Criticism of trashy pop culture is, of course, nothing new. Ludwig von Mises, for example, felt the need to defend commercial literature from socialist criticism. In The Anti-Capitalist Mentality he wrote:
What characterizes capitalism is not the bad taste of the crowds, but the fact that these crowds, made prosperous by capitalism, became “consumers” of literature — of course, of trashy literature. The book market is flooded by a downpour of trivial fiction for the semibarbarians. But this does not prevent great authors from creating imperishable works.
The term “semibarbarian” perhaps describes Ms. Bregoli’s TV persona as accurately as the excerpt describes the success of “trashy” reality TV. Capitalism has made access to television programming (and its internet equivalent) as large as it has ever been before. This constant competition for content has not only opened the doors to innovation — from the growth of cable and satellite networks, to the rise of Netflix and Amazon as content producers, to social media live streaming challenging traditional cable news — but it has also led to producers throwing money at content appealing to all sorts of demographics, apparently including those who’d want to watch the life of a troubled 14 year old.
Of course, it’s quite possible that the show’s producers have erred in their entrepreneurial judgment. TV shows fail all the time, with the industry known to jump at such bizarre concepts as a sitcom based on auto insurance commercial character, to one based on a lead character whose mother was reincarnated as a talking car.
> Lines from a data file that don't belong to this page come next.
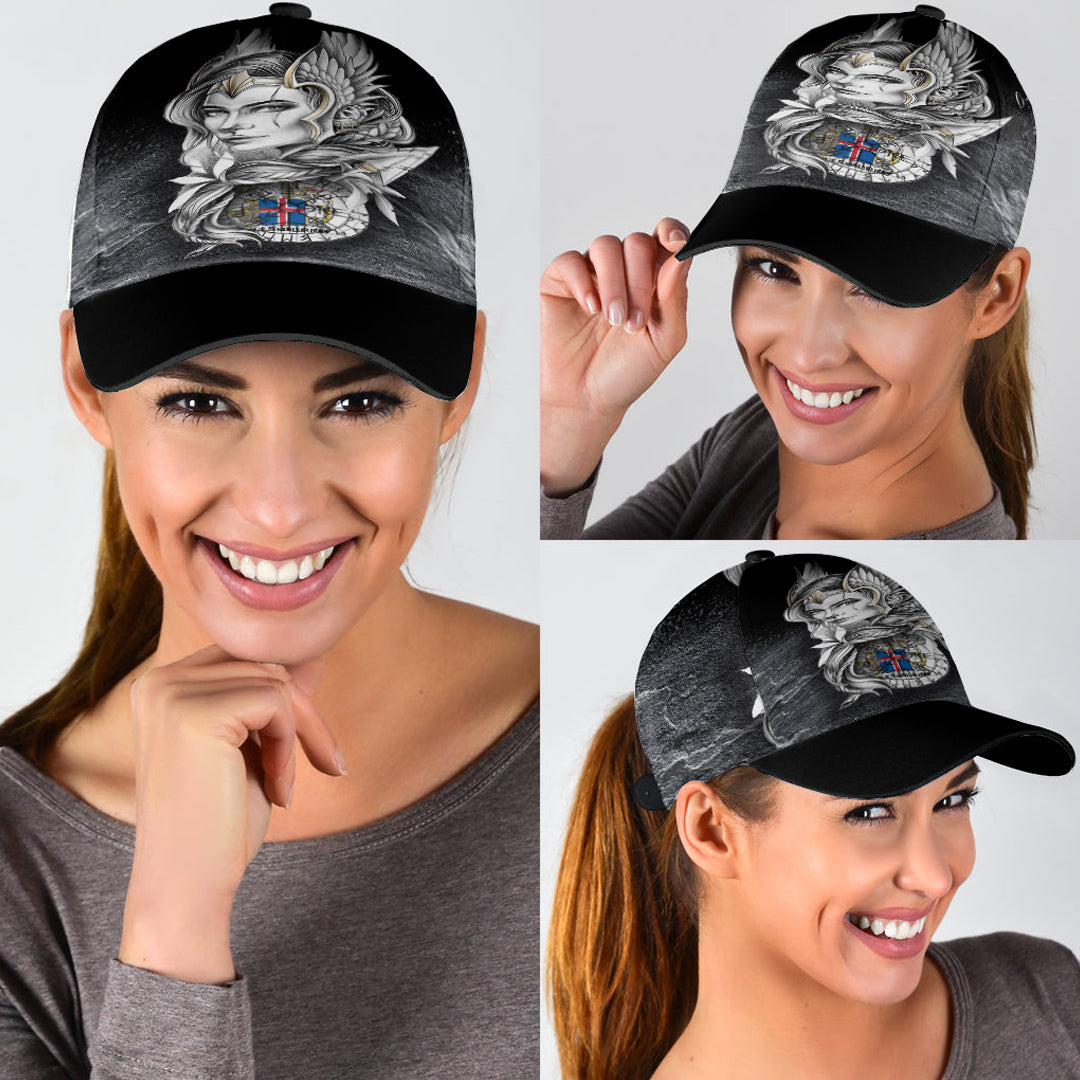 Adeenyc Classic Cap - Valkyries Iceland Viking Country Baseball Cap Trucker Hats Custom Hats Gifts For Men & Women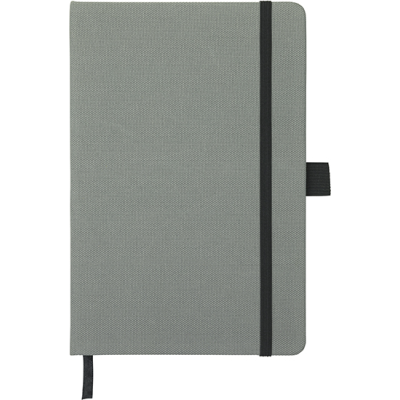 Picture of DOVER A5 ECO RECYCLED NOTE BOOK in Grey.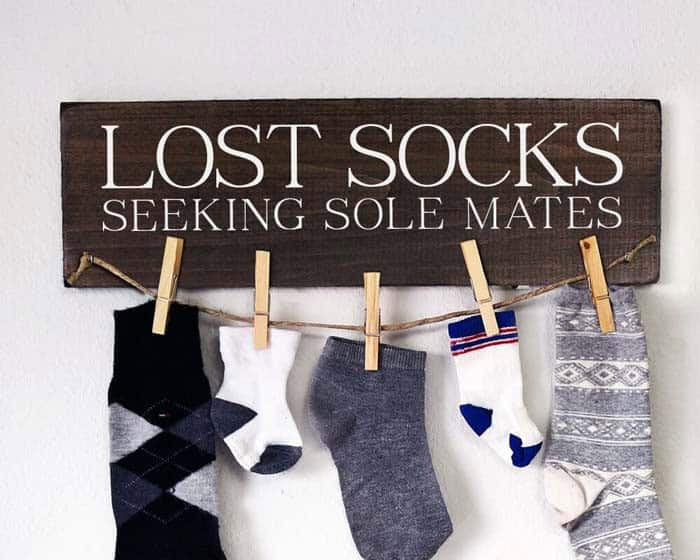 Hanging Stray Sock Sign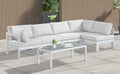 Nizuc - Outdoor Patio Modular Sectional - White - Fabric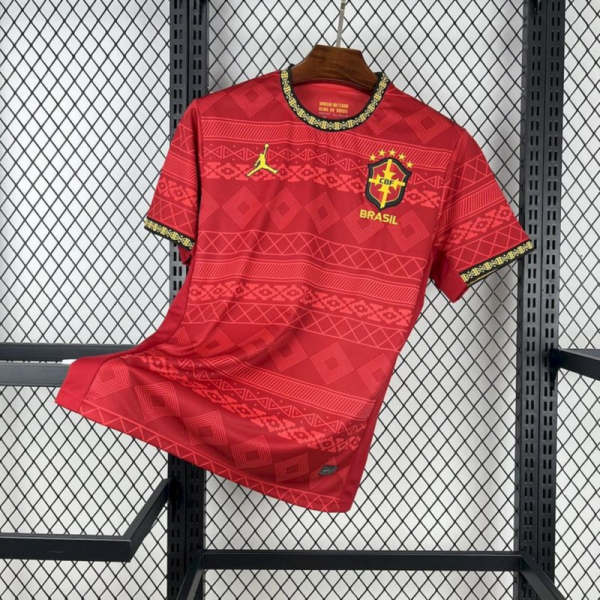 2025/26 Brazil Jordan Special Edition Red jersey Fan Version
Even reality shows, whose popularity with producers is largely driven by a budget-friendly format, have had their own market failures — such as when Monica Lewinsky hosted a dating show, or The Baby Borrowers, a British series based on teenage couples looking after other people’s kids.
Just as in any other sector of the economy, capitalism incentivizes producers to create content for the masses, but doesn’t dictate that the masses have taste. As Mises put it:
Capitalism could render the masses so prosperous that they buy books and magazines. But it could not imbue them with the discernment of Maecenas or Can Grande della Scala. It is not the fault of capitalism that the common man does not appreciate uncommon books.
In spite of the fact that Dr. Phil’s show is spawning cringeworthy spin offs, an argument can be made that the television trends of Americans actually demonstrate a growing appreciation for quality television. Last year seven of the top 10 most watched shows have won Emmy’s during their run. Meanwhile, AMC, the network credited for creating a “golden age of television” by creating a number of critically acclaimed television dramas, has been rewarded with commercial success — including three of the top cable television premiers last year. Even Downton Abbey, the PBS period piece about British aristocrats and their staff, has enjoyed ratings of 10 million views — roughly three times more than Here Comes Honey Boo Boo ever enjoyed.
Capitalism cannot give consumers taste, just as democracy cannot give voters wisdom. What capitalism does do, however, is give consumers choice — and creates the incentives necessary for producers to meet the desires of the people. Democracy simply offers the masses the ability to enforce the whims of the majority against the wishes of the minority. In America no one will be forced to watch a minute of a reality show about Danielle Bregoli, but should it find commercial success, its viewers will have the ability to shape American policy going forward.
If someone wants to defend the merits of democracy after coming to grips with that reality, perhaps it’s time for their own intervention on Dr. Phil.